Plans and policies adopted by local government determine Fresno's desirability. Our mayor and city council regulate growth through the General Plan, an instrument that shapes our city's future. The General Plan regulates the types of homes and commercial centers that can be built in coming years, and it determines where they will go.

Two years ago, Fresno began the process of updating its General Plan, a process that by and large ignored the private sector. The proposed plan calls for mid-rise housing on the Blackstone and Kings Canyon corridors. It also calls for homes in new growth areas to be smaller and closer together.

People will live in the housing they desire. A segment of Fresno residents has already embraced high-density living in downtown's Cultural Arts District. With the right improvements the Blackstone-Kings Canyon corridors may become their next destination in the future.

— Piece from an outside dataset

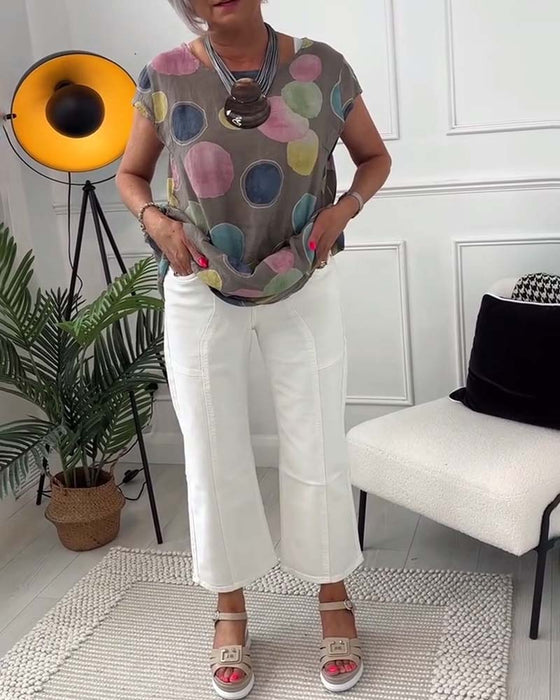 Blouse imprimée à pois colorés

As part of the General Plan update, city leaders are revising the proposal for Bus Rapid Transit (BRT) on Blackstone and Kings Canyon. In addition to BRT, let's offer incentives to facilitate private investment in these corridors and other areas of similar need. These incentives can include reducing property taxes, eliminating fees and red tape, and physical improvements including median island landscaping, landscaped pathways and façade improvements.

With these types of incentives our local businesses have fewer hurdles to success. When businesses are successful, government revenue goes up and more funds become available for community services and nonprofits. This is one way to improve prosperity in our city.

Future plans must also address air quality problems. According to the San Joaquin Valley Air Pollution Control District, most of our pollution comes from mobile sources. To improve air quality, we need a system-wide, regional approach to transportation and growth. It should include traffic light synchronization, electric buses, improvements to the FAX system, and BRT that includes the Shaw Avenue corridor and service to educational hubs. The use of wood-burning fireplaces must also be curtailed.

A network of trails for pedestrians and bicycles must be part of the solution. People who live in neighborhoods with a network of parks, trails and greenways are twice as healthy as people who live in neighborhoods without such amenities. We can promote active lifestyles and reduce greenhouse gases by implementing a similar approach.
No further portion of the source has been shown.